▶ [WORK ITEM]
Beneath this line are entries. Copy the range from the line with "Used 2020 GMC" to the line with "Striplac community look", ends included, exactly; leave pictures out.

▶ [INFORMATION SHOWN]

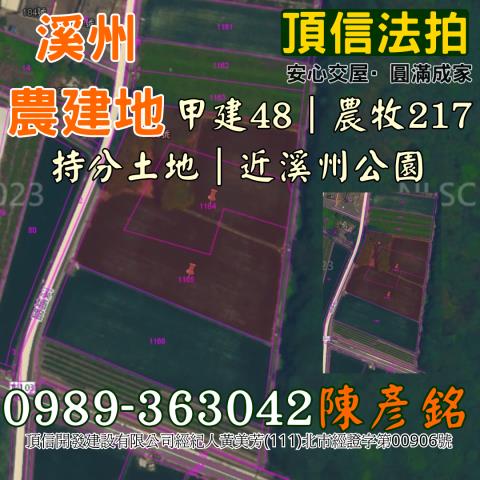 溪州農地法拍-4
==
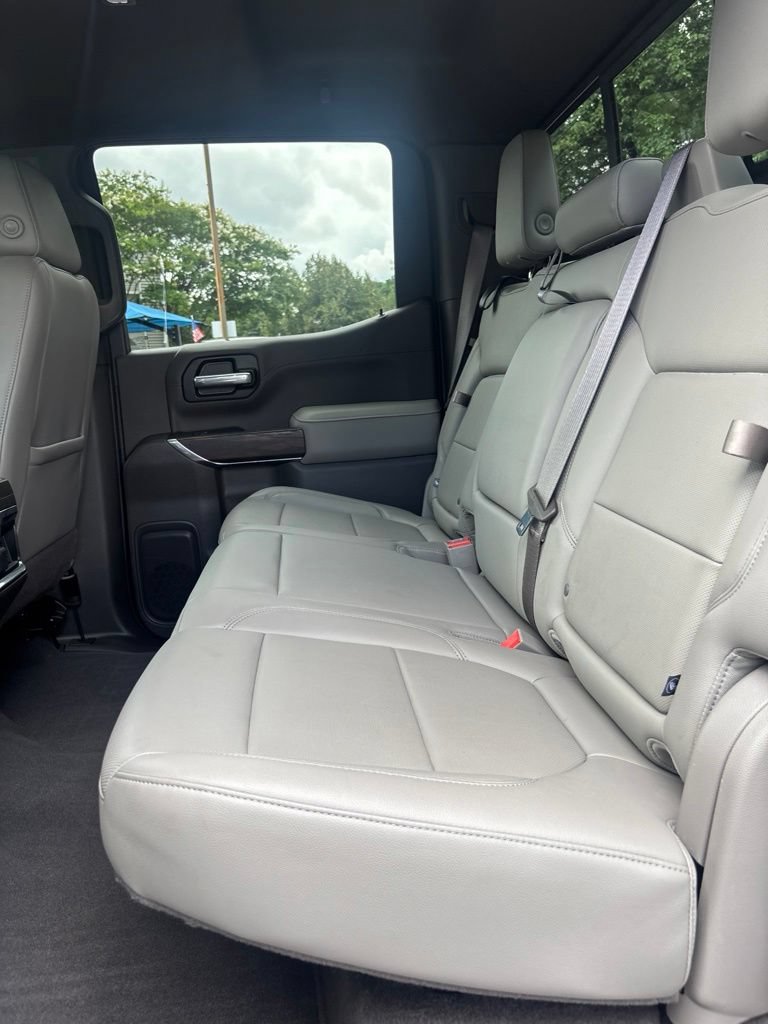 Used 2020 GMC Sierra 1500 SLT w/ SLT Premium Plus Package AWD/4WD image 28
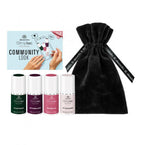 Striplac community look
* * *
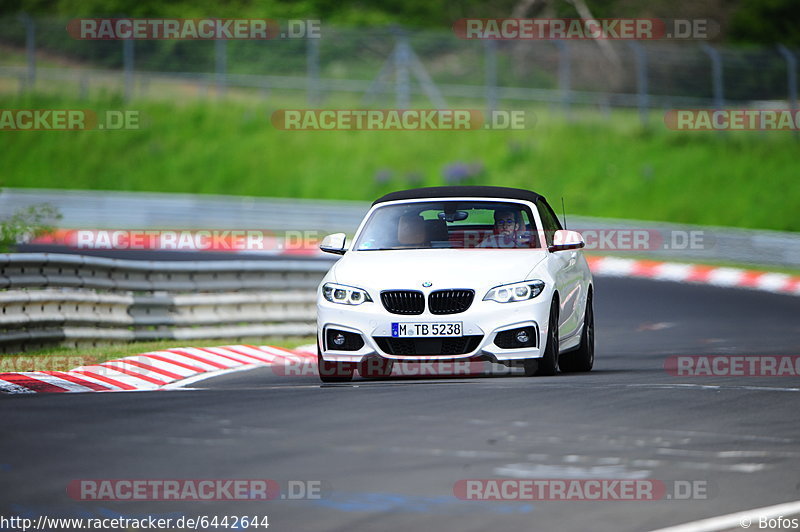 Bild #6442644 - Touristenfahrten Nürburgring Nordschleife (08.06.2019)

▶ [ANSWER FOR THE TASK]
 Used 2020 GMC Sierra 1500 SLT w/ SLT Premium Plus Package AWD/4WD image 28
 Striplac community look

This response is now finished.